Comment expliquer cette réticence ? C’est d’abord une question de respect du droit international. Ces avoirs russes sont gelés à Bruxelles temporairement depuis le début de la guerre. Ils sont gelés et non confisqués. Utiliser ces avoirs, c’est exposer la Belgique à des sanctions financières colossales. La Russie pourrait réclamer son dû devant un tribunal international et faire condamner notre pays.
Enfin, la Belgique joue ici sa crédibilité sur la place financière internationale. Dans une tour de verre en plein de cœur de Bruxelles, Euroclear est une institution qui gère les actifs russes : 194 milliards d’euros sont gelés. Ils bénéficient d’une protection juridique stricte.

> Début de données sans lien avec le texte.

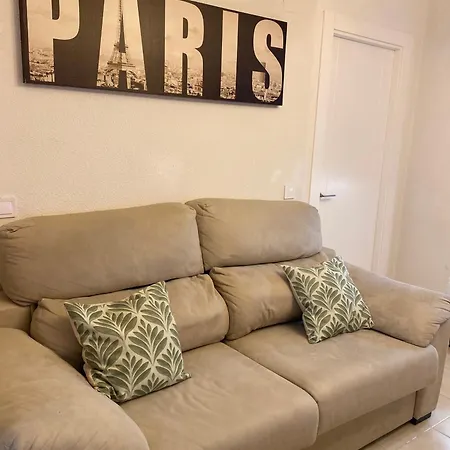 Zurbaran Levante Centro Apartmán *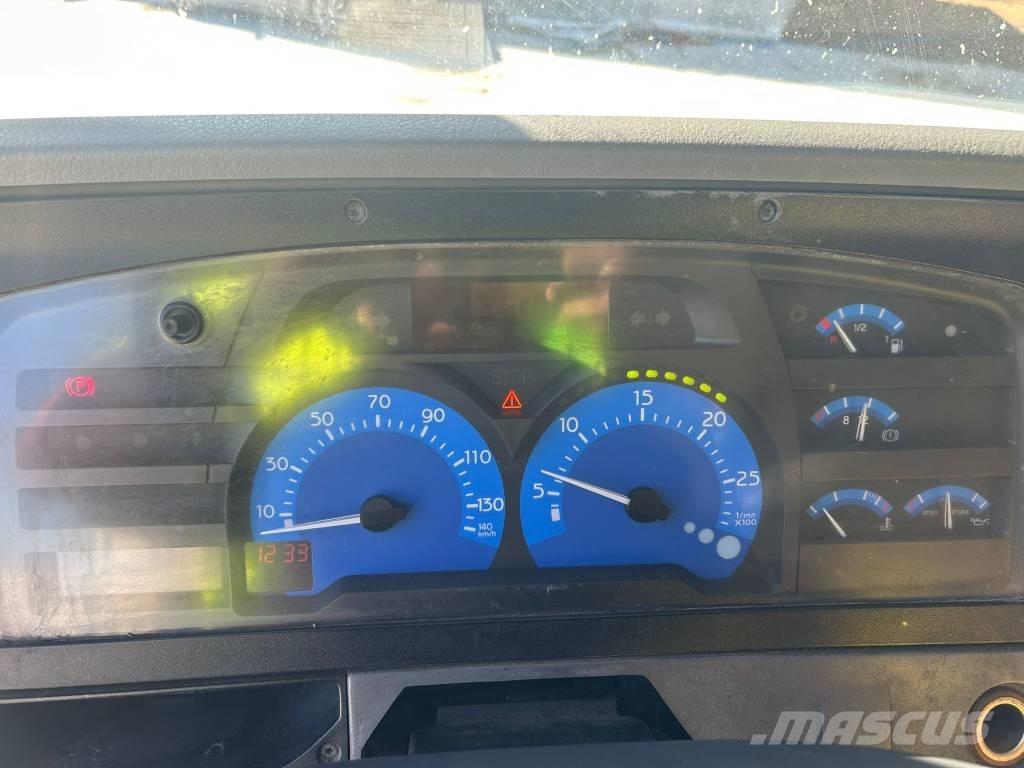 Renault 270 Dci Andre lastbiler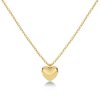 Edblad - Halsband Barley Guld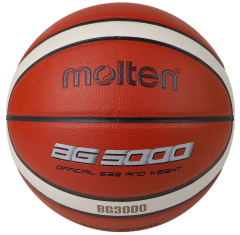 Molten İç Mekan/Dış Mekan 5 numara Basketbol Topu B5G3000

« Le gel signifie que les sommes sont gelées en Belgique en attendant une évolution de la situation. Un gel ne signifie pas une confiscation. Une confiscation signifierait qu’on peut faire tout ce qu’on veut avec l’argent. Ça n’est pas le cas. », indique Tanguy de Wilde, professeur de géopolitique à l’Université catholique de Louvain.
La Russie pourrait porter plainte contre la Belgique
L’Europe envisage malgré tout de se servir de cet argent russe pour soutenir l’Ukraine. Une décision qui pourrait faire basculer la Belgique dans un gouffre financier. « Donner ces capitaux qui appartiennent à la Russie pour l’Ukraine, ou tout simplement que l’Europe se serve dedans, on est dans une situation inédite de violation du droit international et la Russie pourrait porter plainte contre la Belgique. Ça pourrait coûter quelques centaines de milliards d’euros à la Belgique qui devrait non seulement restituer les capitaux, mais également payer des dommages et intérêts », détaille Sébastien Boussois, chercheur en Sciences politiques, directeur de l’institut géopolitique européen.
Bruxelles potentiellement condamnée par Moscou, ce serait une ironie de l’histoire. « Tout ça peut paraître complètement paradoxal puisque la Russie passe son temps à violer le droit international. Mais, en fait, on est aujourd’hui dans un système où l’Europe s’arc-boute sur le droit international et sur les institutions qui sont censées les défendre parce qu’on en est à l’origine et on continue à défendre ça. Ce qui doit être fait. Mais on a en face de nous des pays qui jouent sur les deux tableaux », explique Sébastien Boussois
Enfin, la Belgique joue ici sa réputation sur la place financière internationale. « La Belgique, c’est un mantra, dans sa politique étrangère, respecte toujours le droit international. Ici, on serait en marge du droit international. Le monde entier pourrait se dire qu’il n’y a plus guère d’intérêt à déposer de l’argent en Belgique. Quand il y a un manque de crédibilité, il y a un manque d’instabilité. Or, les investisseurs détestent l’instabilité », souligne Tanguy de Wilde, professeur de géopolitique à l’Université catholique de Louvain.
Bart De Wever, Premier Ministre, maintient donc sa position : il n’est pas question que la Belgique soit seule à assumer les conséquences en cas de libération de ces actifs russes. Elles doivent être supportées par l’ensemble des pays de l’Union européenne, dit-il. Un sommet des 27 devrait trancher la question à la mi-décembre.